### The task
The answer should be the records below, word for word, with every image left out.

### Dataset content
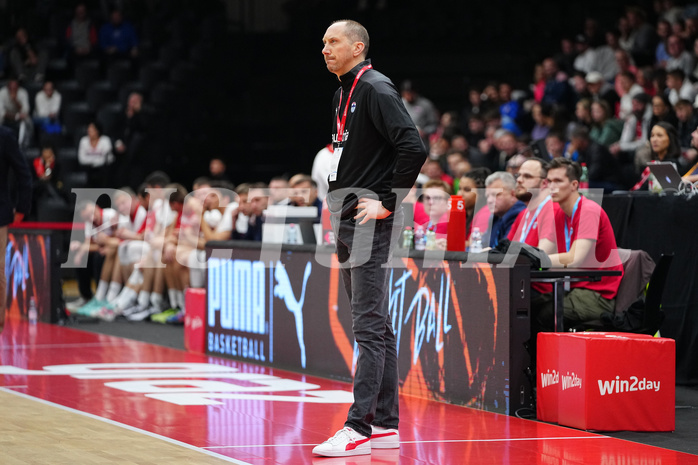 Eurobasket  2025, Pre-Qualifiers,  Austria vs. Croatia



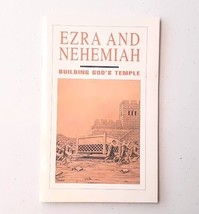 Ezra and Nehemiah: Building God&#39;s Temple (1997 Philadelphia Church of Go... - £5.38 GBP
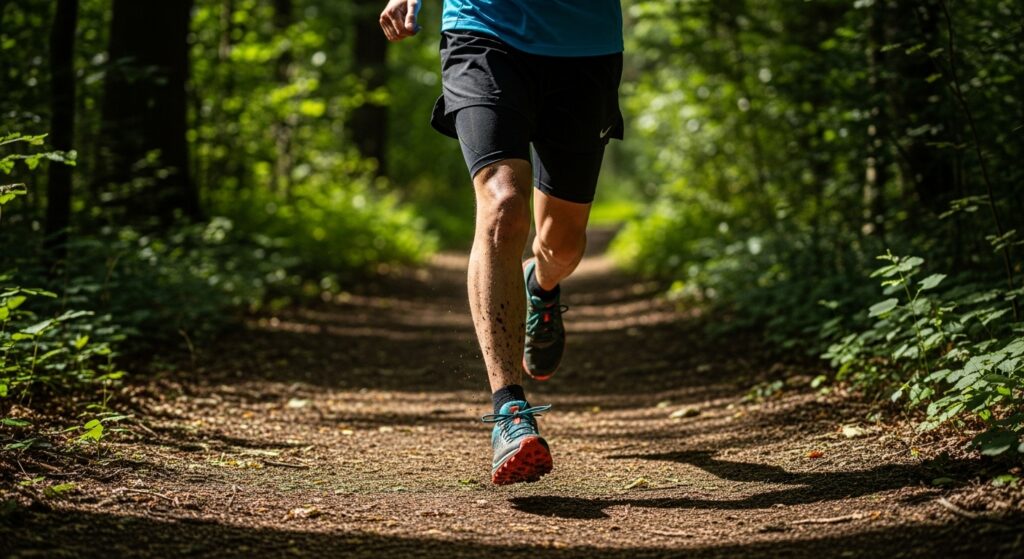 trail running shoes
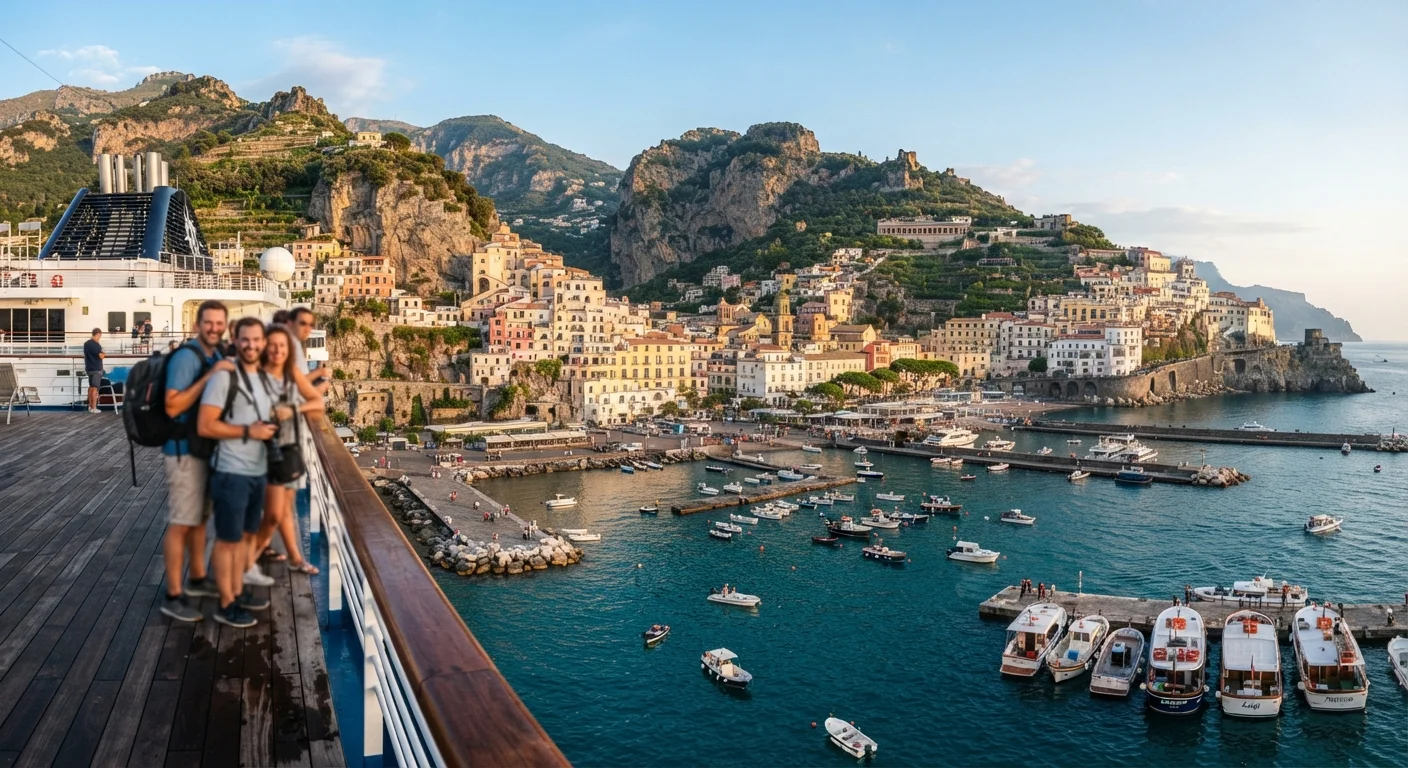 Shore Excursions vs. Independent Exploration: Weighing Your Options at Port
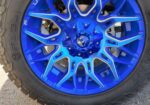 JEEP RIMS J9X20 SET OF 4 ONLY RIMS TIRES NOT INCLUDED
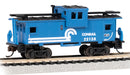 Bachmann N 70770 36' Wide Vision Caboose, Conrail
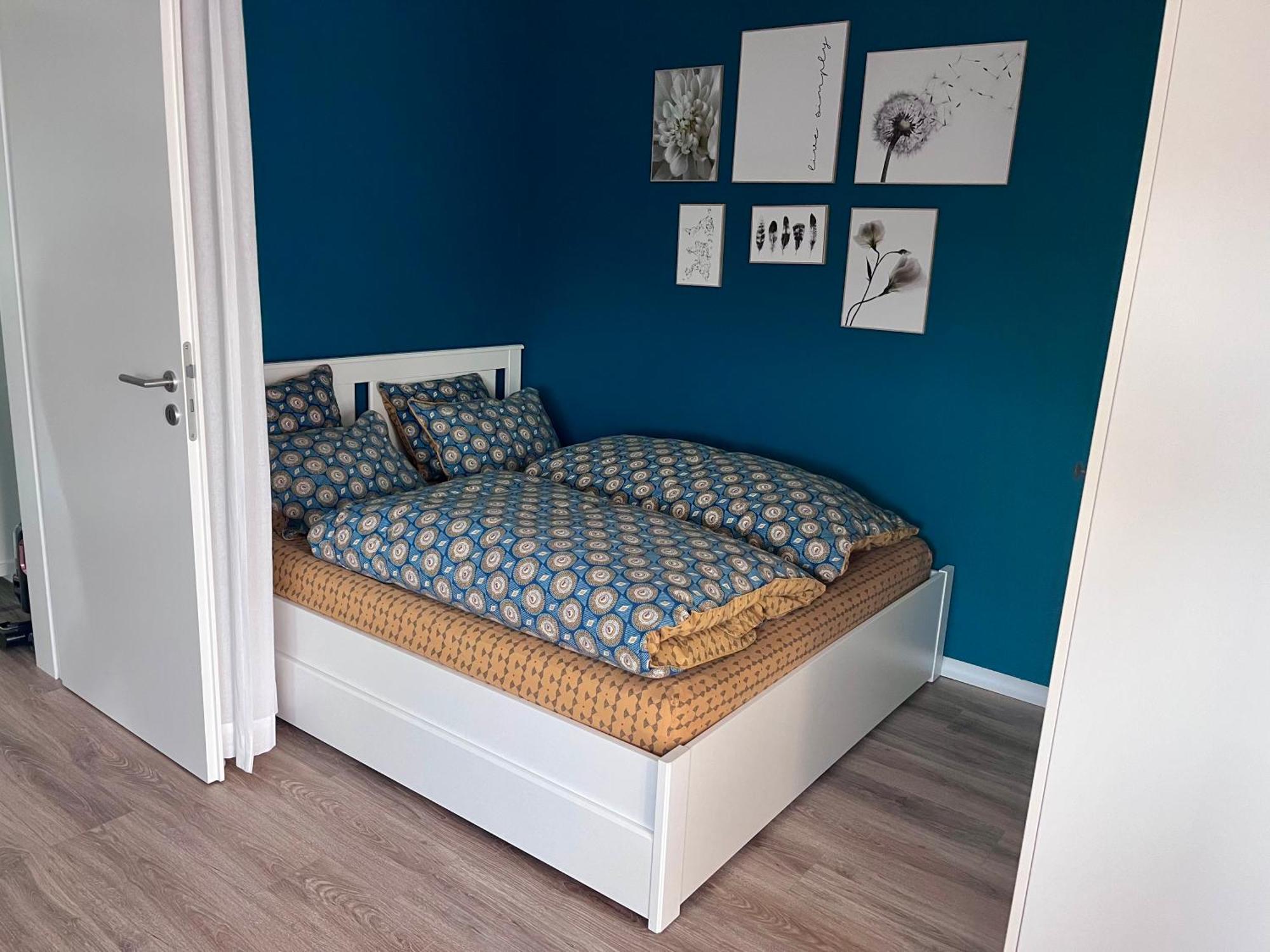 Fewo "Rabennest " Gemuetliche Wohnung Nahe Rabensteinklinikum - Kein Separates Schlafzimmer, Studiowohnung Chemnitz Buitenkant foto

### Response to this exercise
 Eurobasket  2025, Pre-Qualifiers,  Austria vs. Croatia



 Ezra and Nehemiah: Building God&#39;s Temple (1997 Philadelphia Church of Go... - £5.38 GBP
 trail running shoes
 Shore Excursions vs. Independent Exploration: Weighing Your Options at Port
 JEEP RIMS J9X20 SET OF 4 ONLY RIMS TIRES NOT INCLUDED
 Bachmann N 70770 36' Wide Vision Caboose, Conrail
 Fewo "Rabennest " Gemuetliche Wohnung Nahe Rabensteinklinikum - Kein Separates Schlafzimmer, Studiowohnung Chemnitz Buitenkant foto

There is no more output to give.